▶ MATERIAL SUPPLIED
......
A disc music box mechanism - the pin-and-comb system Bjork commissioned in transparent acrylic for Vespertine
......
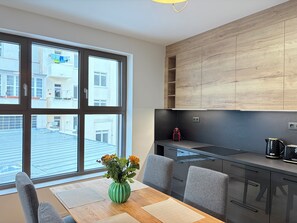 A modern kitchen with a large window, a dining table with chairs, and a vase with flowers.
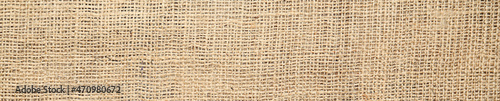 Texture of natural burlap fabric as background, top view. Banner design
......
Repeat exactly the lines above, from the line that contains "A modern kitchen" down through the line that contains "Texture of natural". Include both of those lines and none of the pictures.

▶ RESPONSE TO THIS TASK
 A modern kitchen with a large window, a dining table with chairs, and a vase with flowers.
 Texture of natural burlap fabric as background, top view. Banner design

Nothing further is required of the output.